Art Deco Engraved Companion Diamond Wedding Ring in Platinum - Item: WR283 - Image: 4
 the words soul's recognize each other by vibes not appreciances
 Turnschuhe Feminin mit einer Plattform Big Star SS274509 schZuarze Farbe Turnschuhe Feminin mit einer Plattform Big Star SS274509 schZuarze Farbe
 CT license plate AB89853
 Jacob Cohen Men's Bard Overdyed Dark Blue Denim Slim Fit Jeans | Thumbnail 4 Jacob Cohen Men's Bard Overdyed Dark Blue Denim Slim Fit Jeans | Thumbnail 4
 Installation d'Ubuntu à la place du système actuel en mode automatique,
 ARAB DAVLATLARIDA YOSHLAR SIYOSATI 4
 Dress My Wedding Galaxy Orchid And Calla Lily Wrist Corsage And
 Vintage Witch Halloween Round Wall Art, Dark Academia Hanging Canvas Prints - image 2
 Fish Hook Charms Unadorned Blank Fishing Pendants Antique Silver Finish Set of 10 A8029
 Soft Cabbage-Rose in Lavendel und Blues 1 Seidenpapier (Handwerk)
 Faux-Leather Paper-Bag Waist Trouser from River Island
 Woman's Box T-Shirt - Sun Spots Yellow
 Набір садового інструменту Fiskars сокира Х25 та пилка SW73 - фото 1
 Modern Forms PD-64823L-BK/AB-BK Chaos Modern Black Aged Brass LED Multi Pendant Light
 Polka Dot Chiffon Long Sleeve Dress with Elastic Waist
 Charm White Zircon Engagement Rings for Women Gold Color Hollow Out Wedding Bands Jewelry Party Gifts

= = =

After locating the line holding "Installation d'Ubuntu à" above, output exactly that line and every line after it through the line holding "Fish Hook Charms". Include nothing else.

 Installation d'Ubuntu à la place du système actuel en mode automatique,
 ARAB DAVLATLARIDA YOSHLAR SIYOSATI 4
 Dress My Wedding Galaxy Orchid And Calla Lily Wrist Corsage And
 Vintage Witch Halloween Round Wall Art, Dark Academia Hanging Canvas Prints - image 2
 Fish Hook Charms Unadorned Blank Fishing Pendants Antique Silver Finish Set of 10 A8029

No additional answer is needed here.